This sounds like a very zero-sum model. Do you know, that dollars don't get destroyed by spending them? (And that this doesn't even matter, because it's wealth creation that matters (supply) and not demand?)


I think the point of his comment is to see that viewing trade as zero-sum leads to absurdity.


Certainly, but assuming it can't be zero-sum leads to absurdity as well.

What about high frequency trading? Most of it is zero sum, first one to arb the difference wins. The economy doesn't derive any higher value from it if the difference would've been corrected within a couple seconds (or a few minutes) anyways. It's not the same as buying a burger.


The value investor gets an abstraction over the ocean of algos and traders trying to out-game each other.
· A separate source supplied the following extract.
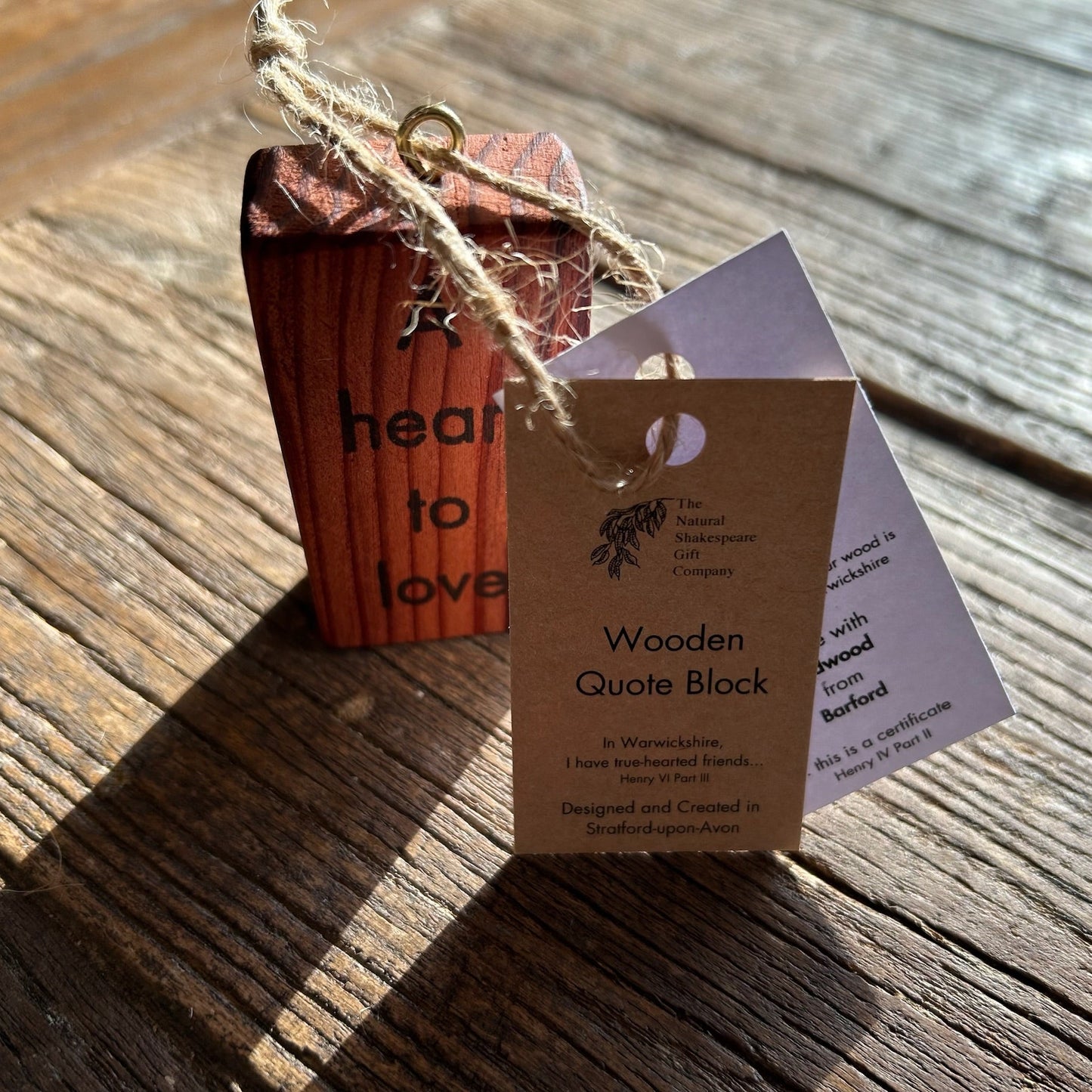 Wooden Hanging Decoration: Redwood. 'A heart to love...'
The abstraction is that there's a market price and a book depth. The deeper the book, the more stock the value investor can move around without being gimped by increasingly undesirable prices. The more traders, the deeper the book.

Finance pundits worry about the implications of traders gaming each other. Let them game each other. The value investor sees a market price backed by millions of dollars of offers within pennies of each other. Should his trades move the market, much more liquidity will spring to life. The value investor feels fine.


Oh, if you by a burger and sum the benefit over, say, Burger King and McDonald's it's probably constant.

If you sum the benefits of arbitrage over the high frequency traders, it's possible (close to) constant, too.

But the rest of the world can still benefit (or perhaps suffer in the case of a burger).


Hm, I think we're talking past each other although I'd like to hear more exposition on your comment because it doesn't really make sense to me.

I was talking more from the perspective of someone who's generating cash. Burger King pays suppliers for meat and whatever (or raises cows in their own operation) and you pay them for a burger. You get a burger, they get cash, pay people, value creation all around.

In Wall St, on the other hand, theoretically we should see value creation through efficient routing of capital to the right places and the people who make that happen are rewarded for their effort. In practice, I feel, it's often a video game where they manage to nibble a billion little pieces away from the value-based investors who are actually performing an economic function. So in some scenarios, they're a net drain, rather than part of a robust economy. That's where my zero-sum analogy came in. YMMV.


Yes, the difference between theory and practice can be startling in finance. But I am more wary about fleecing the customer than about counter parties in a high frequency trade. [1] And of course there's also always making money by rent-seeking behaviour. E.g. the implicit subsidy banks get in lower borrowing costs on the market once they are to big to fail.

[1] Mutual fund managers or hedge funds who take a lot of fees are probably quite a drain on your their clients returns.


> For every dollar McDonalds gets, Burger King is not. For every dollar Microsoft gets, Apple is not.

I'm pretty sure that's not the case. Apple and Burger King would probably never be what they are today without MSFT or Mac. And perhaps vise versa also.